Bare metal arm ARMv7 and aarch64 ARMv8 UART minimal examples that run on QEMU or gem5. Uses the C standard library via Newlib built from Crosstool-NG. GDB setup just works. Tested on Ubuntu 18.04.
Clone, build and run on QEMU:
git clone https://github.com/************/newlib-examples cd newlib-examples git submodule update --recursive ./build-ctng && ./build-qemu && ./build-samples && ./run
Outcome: QEMU starts, go to the terminal and type the keys:
-
'a'
-
'b'
and watch QEMU reply as you type with:
97: a new alloc of 1 bytes at address 0x1A2E0 Heap end = 0x1B000 98: b new alloc of 2 bytes at address 0x1A2E0 Heap end = 0x1B000
To exit enter:
Ctrl-A X
This example illustrates the following Newlib syscall implementations:
-
read
to get user UART input -
write
to give UART output -
sbrk
formalloc
Use ARMv8 instead of ARMv7:
./build-ctng -aA && ./build-qemu -aA && ./build-samples -aA && ./run -aA
Shell 1:
./run -d
Shell 2:
./rungdb
Now QEMU is at the first instruction of startup_arm.S, and you can step debug as usual.
The address is 0x40000000
, which is what we set the ENTRY
to in link.ld. If you change that, it will still work: QEMU just parses the ELF entry field, places the code there in memory, and sets PC to it.
Run on gem5
instead of QEMU:
./build-gem5 && ./build-samples -g && ./run -g
On another shell:
./gem5-shell
The rebuild of the examples is necessary because the UART and entry addresses are different for the available gem5 machines, and we do not have magic memory loaded DTBs to take care of that for us.

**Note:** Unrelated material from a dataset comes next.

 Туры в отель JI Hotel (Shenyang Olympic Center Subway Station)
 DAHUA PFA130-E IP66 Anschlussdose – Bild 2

Trace executed instructions:
./run -T Exec,-ExecSymbol -g less out/arm/m5out/trace.txt
GDB step debug:
./run -g ./rungdb -g
The default machine is VExpress_GEM5_V1
, but that can be changed with:
./build-samples -g -m RealViewPBX ./build-samples -g -m VExpress_GEM5_V1 ./run -g -m RealViewPBX ./run -g -m VExpress_GEM5_V1
A separate sample rebuild is required for each machine type.
TODO blows up with:
build/ARM/cpu/simple/atomic.cc:495: virtual Fault AtomicSimpleCPU::writeMem(uint8_t*, unsigned int, Addr, Request::Flags, uint64_t*): Assertion `!pkt.isError()' failed.
The trace contains just:
0: system.cpu T0 : 0x10000 : adcle r0, r0, #1048576 : IntAlu : Predicated False 500: system.cpu T0 : 0x10004 : ldrle r1, [r8, #-65] : MemRead : Predicated False 1000: system.cpu T0 : 0x10008 : strle r3, [r3, #-4063] : MemWrite : Predicated False
which is at the expected address, but not the first expected instruction from startup_aarch64, which must mean that the image is not being loaded properly into memory.
TODO: our example is printing newlines without automatic carriage return \r
as in:
enter a character got: a
We use m5term
by default, and if we try telnet
instead:
telnet localhost 3456
it does add the carriage returns automatically.
TODO: any advantage over QEMU? I doubt it, mostly using it as as toy for now:
Without runnint ./run
, do directly:
./rungdb -s
Then inside GDB:
load starti
and now you can debug normally.
Enabled with the crosstool-ng configuration:
CT_GDB_CROSS_SIM=y
which by grepping crosstool-ng we can see does on GDB:
./configure --enable-sim
Those are not set by default on gdb-multiarch
in Ubuntu 16.04.
Bibliography:
Since I had this compiled, I also decided to try it out on userland.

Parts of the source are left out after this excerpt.